> _WORK ORDER_
Output the full listing below exactly as it reads, and skip anything that is a picture.

> _EXTRACTED DATA_

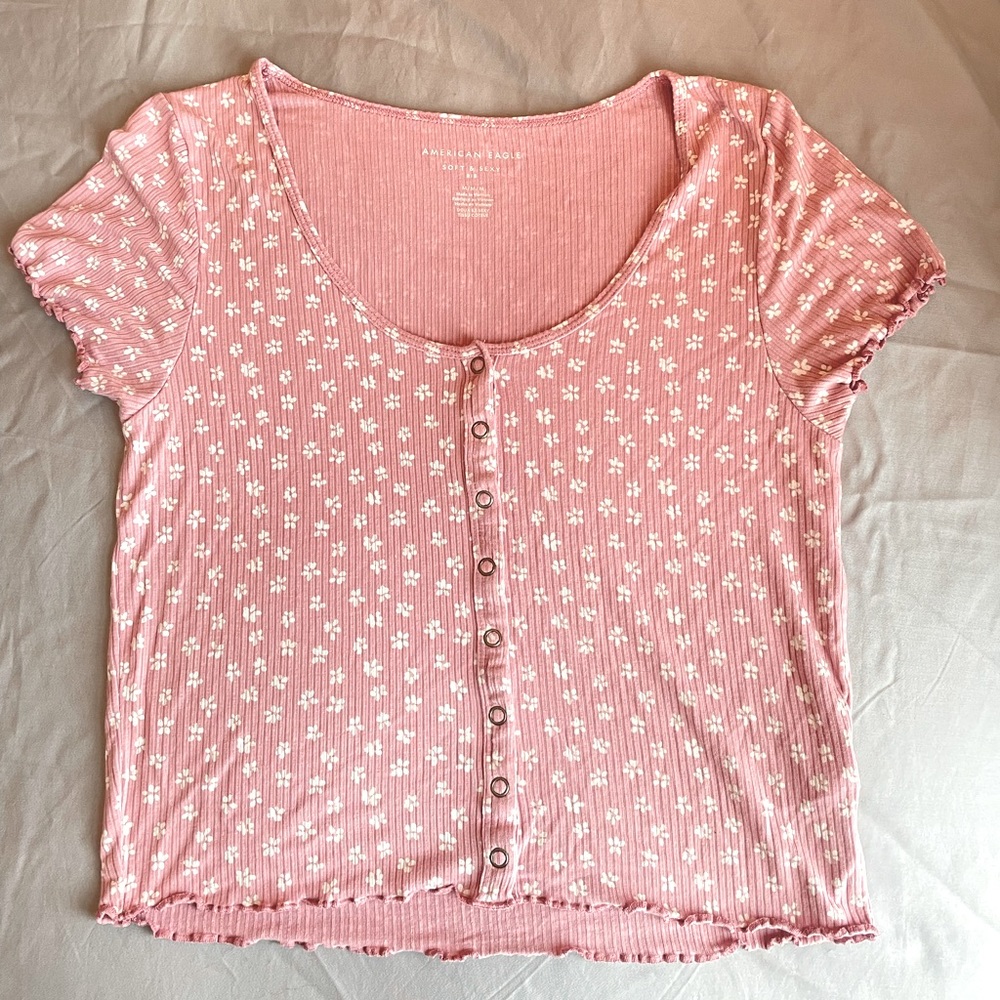 AMERICAN EAGLE RIBBED CROP TEE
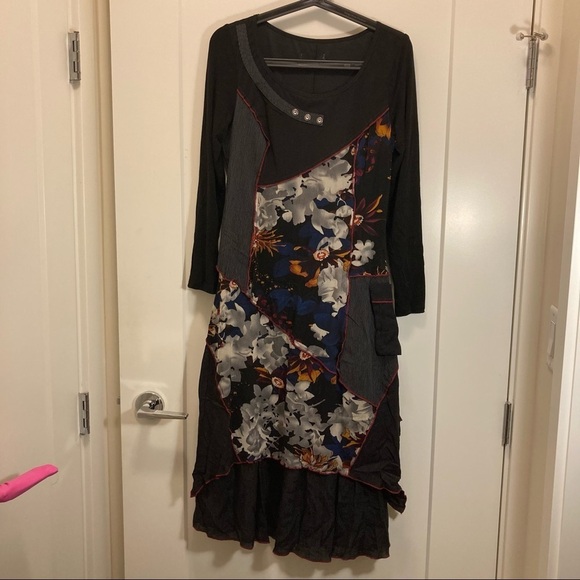 DRESS Bohemian Lagenlook Boho Knit Stretch Long Sleeve Scoop Neck w/ Side Pocket - Picture 1 of 10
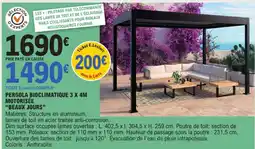 E.Leclerc Brico PERGOLA BIOCLIMATIQUE 3 X 4M MOTORISÉE BEAUX JOURS offre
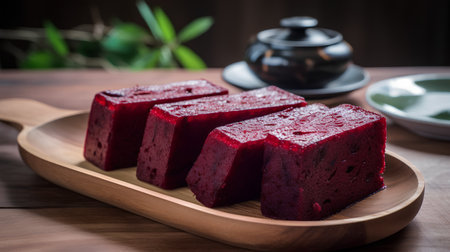 Red velvet cake in wooden plate on wooden table, Thai dessert.の素材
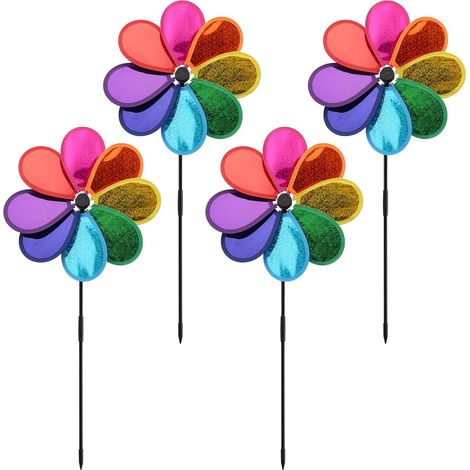 Set mit 4 Blumen-Windspielen, 30 cm, Regenbogen-Windmühle für Rasen, Windkraftanlage, Hof, Garten, Terrasse, Balkon, Gartendekoration, Gesamthöhe 75 cm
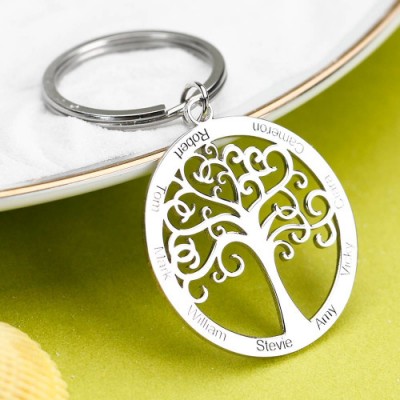 Family Tree Engraved Key Chain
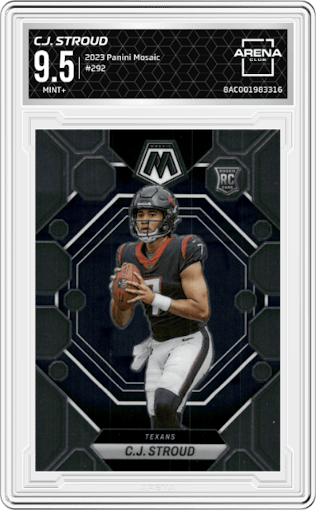 C.J. Stroud from the 2023 Panini Mosaic set graded by Arena Club and given an overall grade of 9.5.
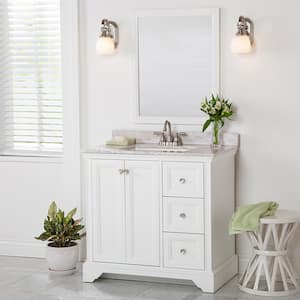 Stratfield 37 in. W x 22 in. D x 39 in. H Single Sink  Bath Vanity in White with Winter Mist Cultured Marble Top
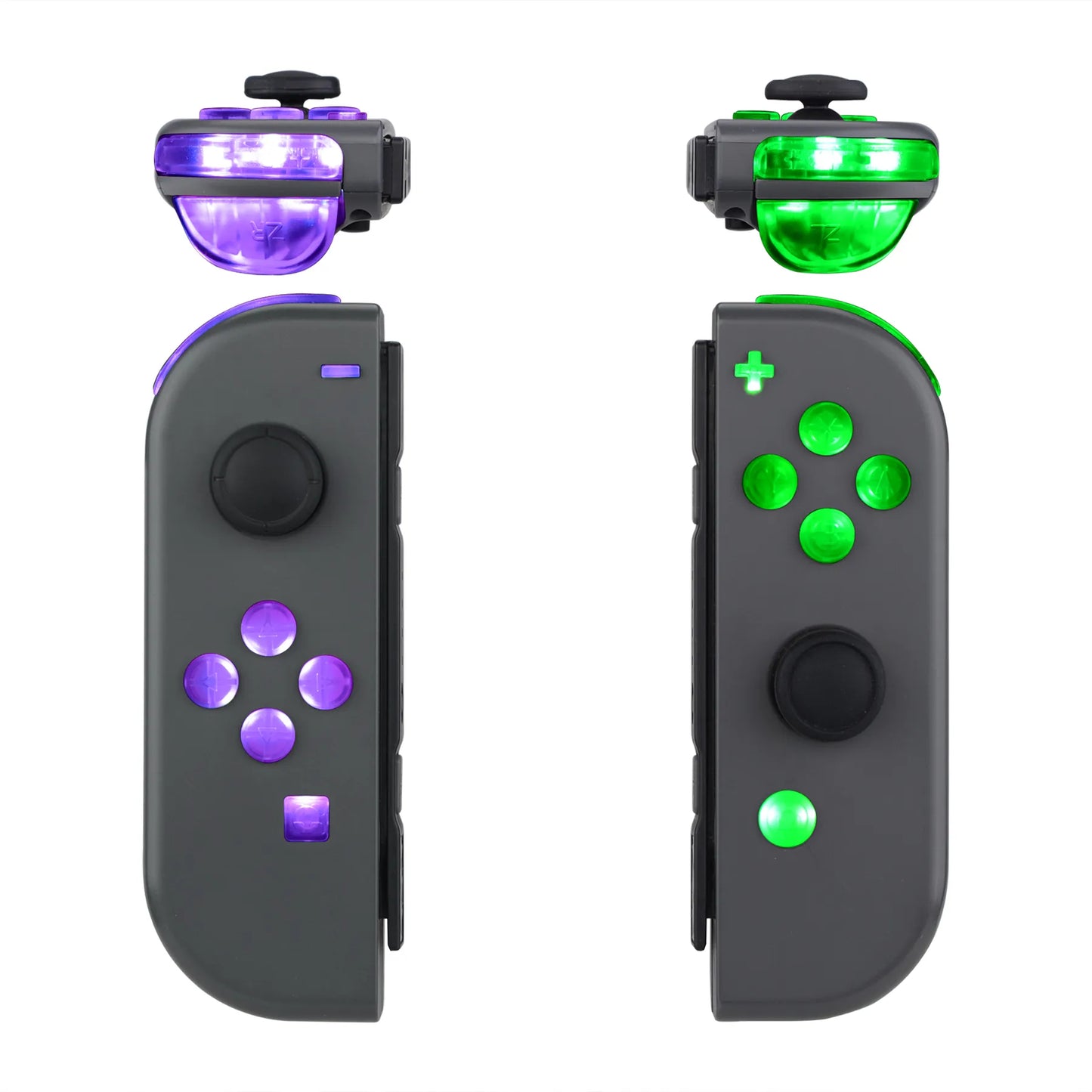 eXtremeRate 7 Colors 9 Modes Joycon DFS LED Kit, Multi-Colors Luminated ABXY Trigger Face Buttons for NS Switch & OLED JoyCon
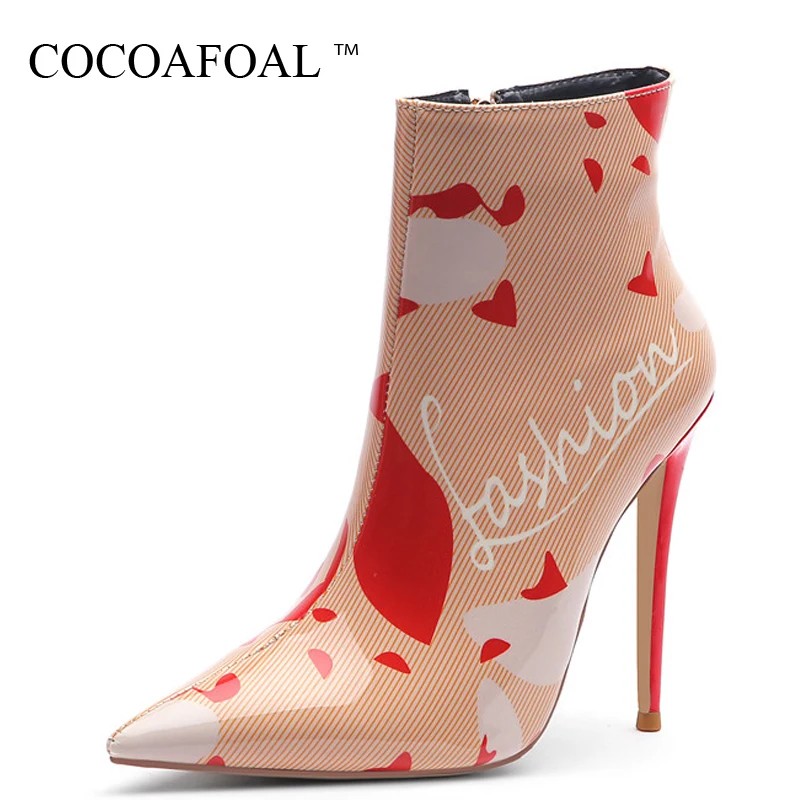 

COCOAFOAL Autumn Winter Women's High Heels Ankle Boots Woman Chelsea Boots Plus Size Fashion Sexy Martin Boots Stiletto 2019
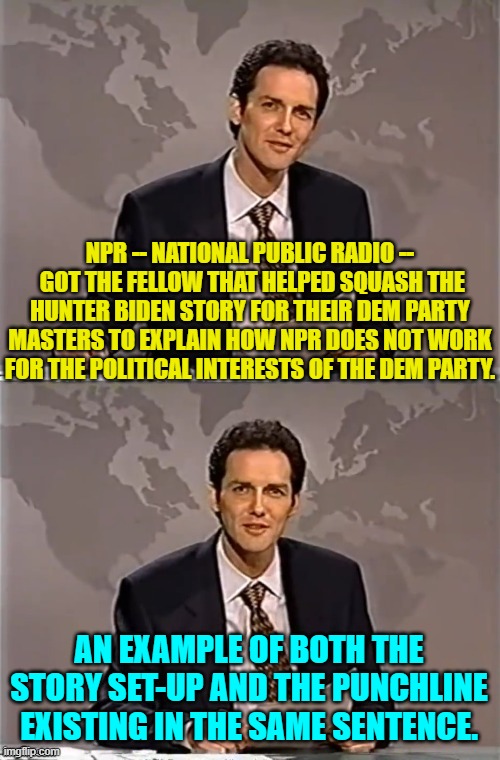 Having gone totally WOKE, NPR is finding it more and more difficult not to go BROKE. | NPR -- NATIONAL PUBLIC RADIO --  GOT THE FELLOW THAT HELPED SQUASH THE HUNTER BIDEN STORY FOR THEIR DEM PARTY MASTERS TO EXPLAIN HOW NPR DOES NOT WORK FOR THE POLITICAL INTERESTS OF THE DEM PARTY. AN EXAMPLE OF BOTH THE STORY SET-UP AND THE PUNCHLINE EXISTING IN THE SAME SENTENCE. | image tagged in weekend update with norm | made w/ Imgflip meme maker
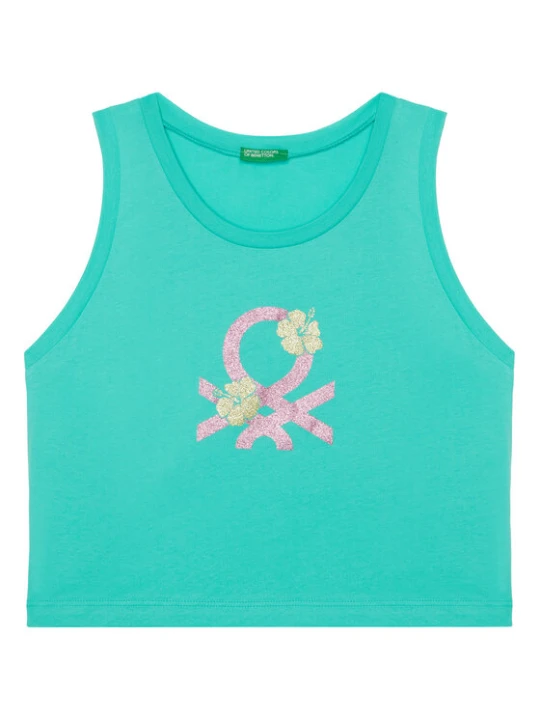 Zdjęcie produktu United Colors Of Benetton Top 3I1XCH01Z Zielony Relaxed Fit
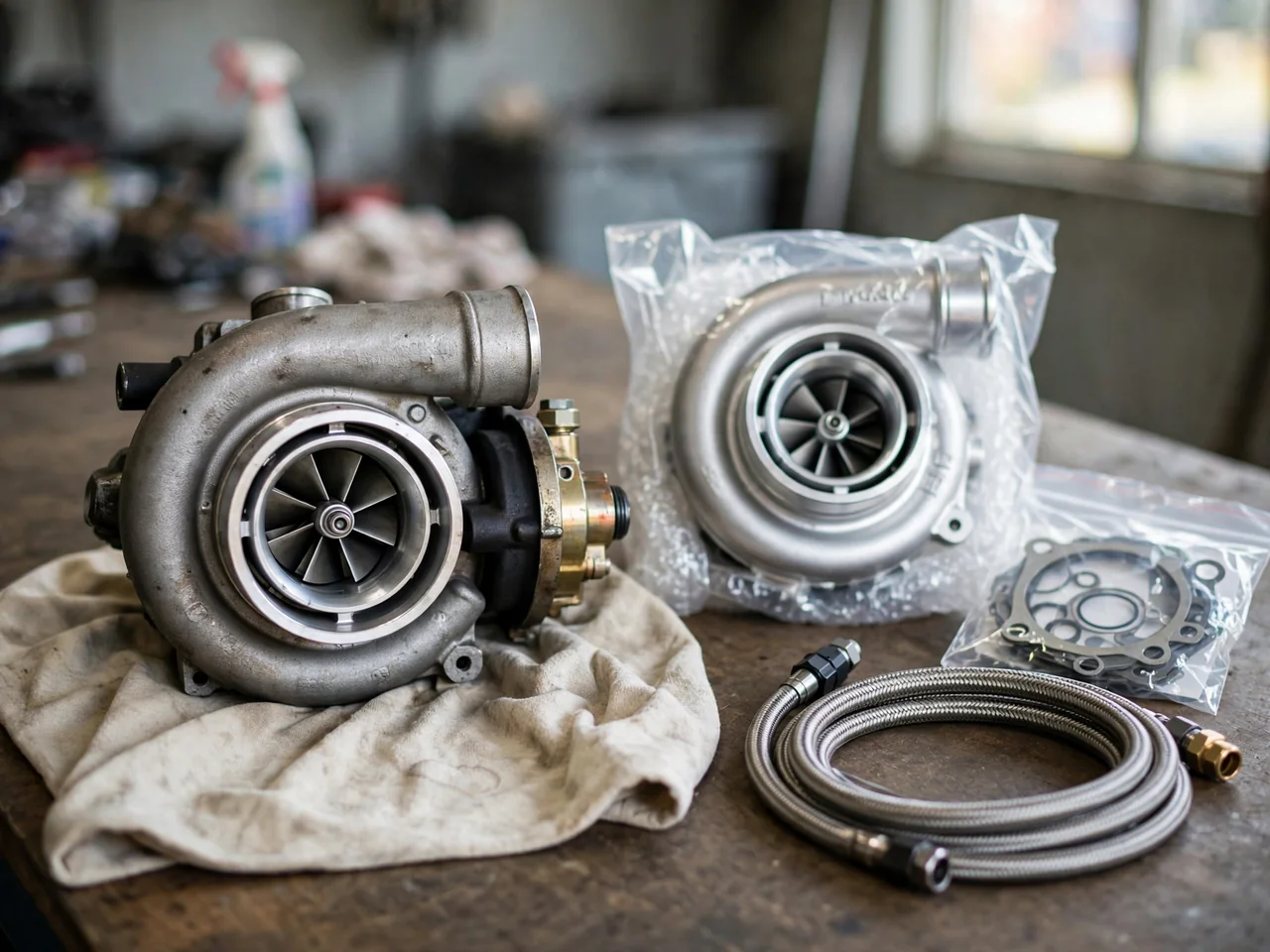 Used turbocharger beside a new replacement unit and gasket kit on a workshop bench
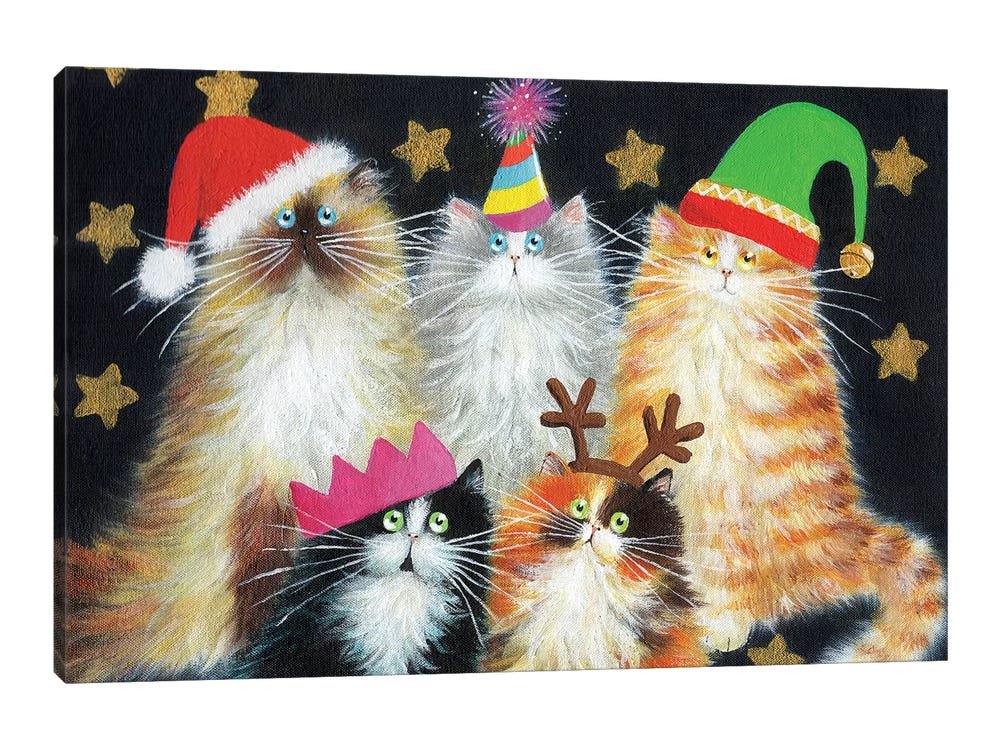 The Holiday Cat Pack: A Funny and Festive Christmas Canvas Painting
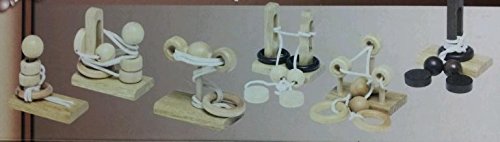 holzfuerkinder Lot de 6 Jeux de Farine en Bois pour Noeud, Puzzle en Bois, Jeu de Patience, Jeu de société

> _EXERCISE ANSWER_
 AMERICAN EAGLE RIBBED CROP TEE
 DRESS Bohemian Lagenlook Boho Knit Stretch Long Sleeve Scoop Neck w/ Side Pocket - Picture 1 of 10
 E.Leclerc Brico PERGOLA BIOCLIMATIQUE 3 X 4M MOTORISÉE BEAUX JOURS offre
 Red velvet cake in wooden plate on wooden table, Thai dessert.の素材
 Set mit 4 Blumen-Windspielen, 30 cm, Regenbogen-Windmühle für Rasen, Windkraftanlage, Hof, Garten, Terrasse, Balkon, Gartendekoration, Gesamthöhe 75 cm
 Family Tree Engraved Key Chain
 C.J. Stroud from the 2023 Panini Mosaic set graded by Arena Club and given an overall grade of 9.5.
 Stratfield 37 in. W x 22 in. D x 39 in. H Single Sink  Bath Vanity in White with Winter Mist Cultured Marble Top
 eXtremeRate 7 Colors 9 Modes Joycon DFS LED Kit, Multi-Colors Luminated ABXY Trigger Face Buttons for NS Switch & OLED JoyCon

COCOAFOAL Autumn Winter Women's High Heels Ankle Boots Woman Chelsea Boots Plus Size Fashion Sexy Martin Boots Stiletto 2019
 Having gone totally WOKE, NPR is finding it more and more difficult not to go BROKE. | NPR -- NATIONAL PUBLIC RADIO --  GOT THE FELLOW THAT HELPED SQUASH THE HUNTER BIDEN STORY FOR THEIR DEM PARTY MASTERS TO EXPLAIN HOW NPR DOES NOT WORK FOR THE POLITICAL INTERESTS OF THE DEM PARTY. AN EXAMPLE OF BOTH THE STORY SET-UP AND THE PUNCHLINE EXISTING IN THE SAME SENTENCE. | image tagged in weekend update with norm | made w/ Imgflip meme maker
 Zdjęcie produktu United Colors Of Benetton Top 3I1XCH01Z Zielony Relaxed Fit
 Used turbocharger beside a new replacement unit and gasket kit on a workshop bench
 The Holiday Cat Pack: A Funny and Festive Christmas Canvas Painting
 holzfuerkinder Lot de 6 Jeux de Farine en Bois pour Noeud, Puzzle en Bois, Jeu de Patience, Jeu de société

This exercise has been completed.